*** Block opens ***
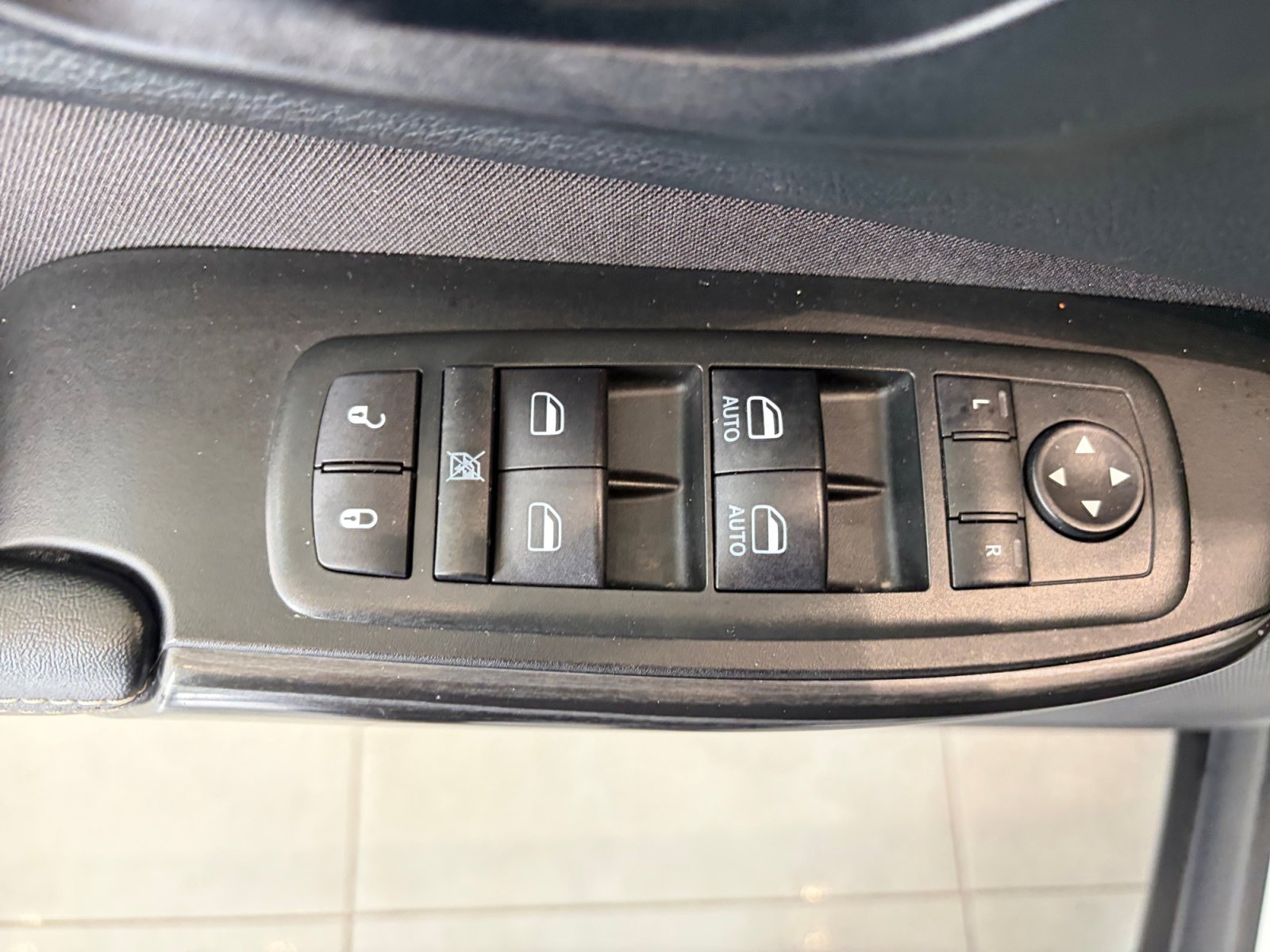 Used 2015 Jeep Cherokee Latitude w/ Cold Weather Group image 13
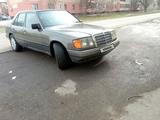 Mercedes-Benz E 200 1989 годаүшін1 200 000 тг. в Тараз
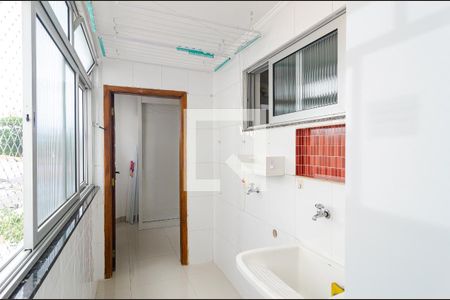 Apartamento para alugar com 115m², 2 quartos e 1 vaga Apartamento para alugar com 115m², 2 quartos e 1 vagaLavanderia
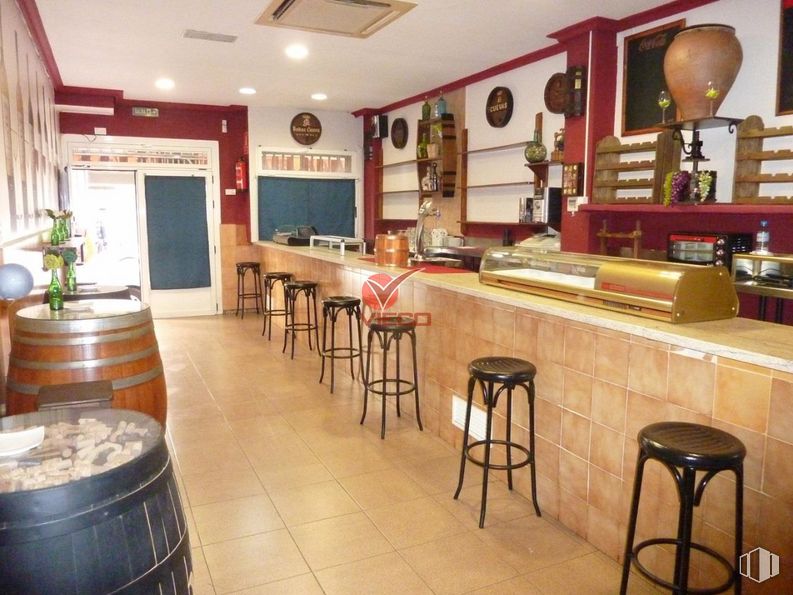 Retail for rent at Zona céntrica, Cuenca, 16004 with stool, barrel, food, table, furniture, building, countertop, lighting, interior design and wood around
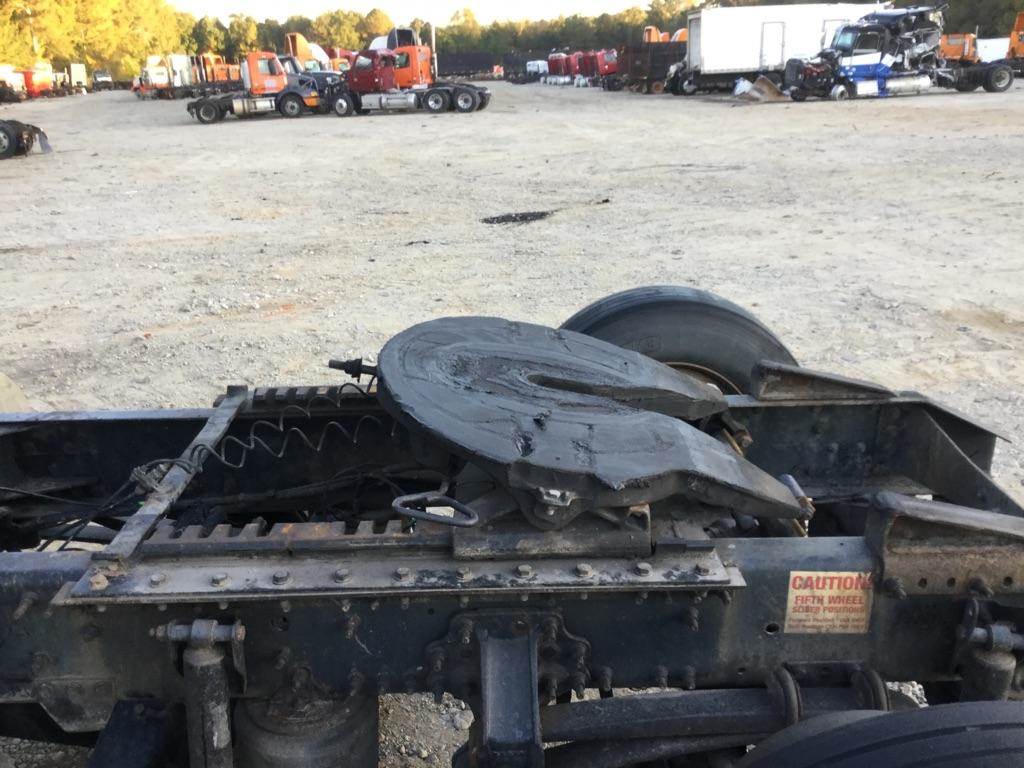 2009 Holland AIR SLIDE Fifth Wheel for a Volvo VNM For Sale Athens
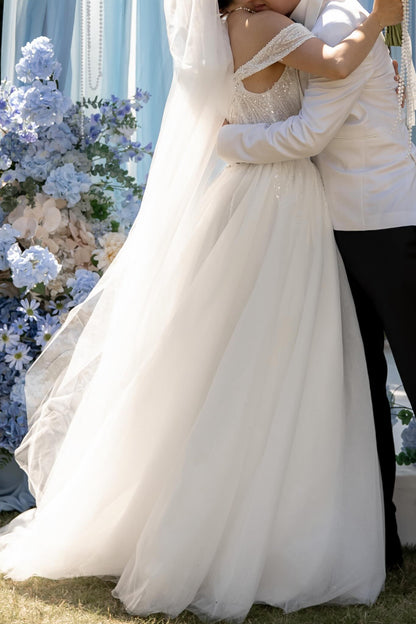 Off-the-Shoulder A-Line Wedding Dress with Train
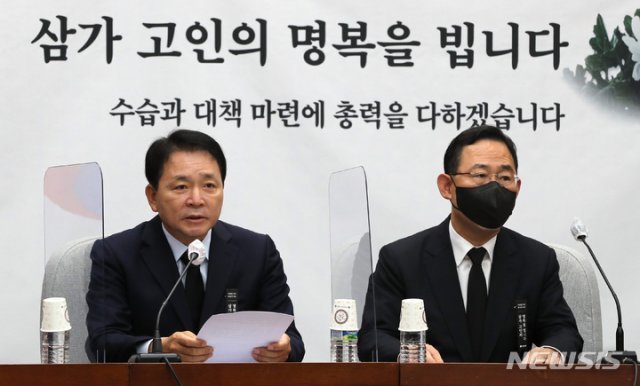 국민의힘 성일종 정책위의장(왼쪽)이 1일 오전 서울 여의도 국회에서 열린 원내대책회의에서 발언하고 있다. 뉴시스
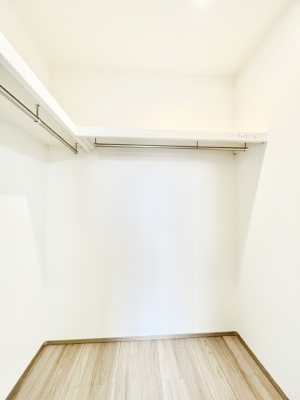 ���̑��@������B�������`Walk-in Closet�`�@��������̗m���������Ă��V���ɂȂ�ɂ����E�H�[�N�C���N���[�[�b�g�B�m���ȊO�ɂ��A���i�g��Ȃ��Ɠd��X�[�c�P�[�X�A�X�g�b�N�i�Ȃǉ��ł��Еt����������Ԃł��B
*** Block closes ***
- [TASK BRIEF]:
Word-for-word restatement: every line from the one with "Mercedes-Benz E 200" through the final line of the data, both ends included, pictures excluded.

- [RESULT]:
 Mercedes-Benz E 200 1989 годаүшін1 200 000 тг. в Тараз
 Apartamento para alugar com 115m², 2 quartos e 1 vaga Apartamento para alugar com 115m², 2 quartos e 1 vagaLavanderia
 Retail for rent at Zona céntrica, Cuenca, 16004 with stool, barrel, food, table, furniture, building, countertop, lighting, interior design and wood around
 2009 Holland AIR SLIDE Fifth Wheel for a Volvo VNM For Sale Athens
 Off-the-Shoulder A-Line Wedding Dress with Train
 국민의힘 성일종 정책위의장(왼쪽)이 1일 오전 서울 여의도 국회에서 열린 원내대책회의에서 발언하고 있다. 뉴시스
 ���̑��@������B�������`Walk-in Closet�`�@��������̗m���������Ă��V���ɂȂ�ɂ����E�H�[�N�C���N���[�[�b�g�B�m���ȊO�ɂ��A���i�g��Ȃ��Ɠd��X�[�c�P�[�X�A�X�g�b�N�i�Ȃǉ��ł��Еt����������Ԃł��B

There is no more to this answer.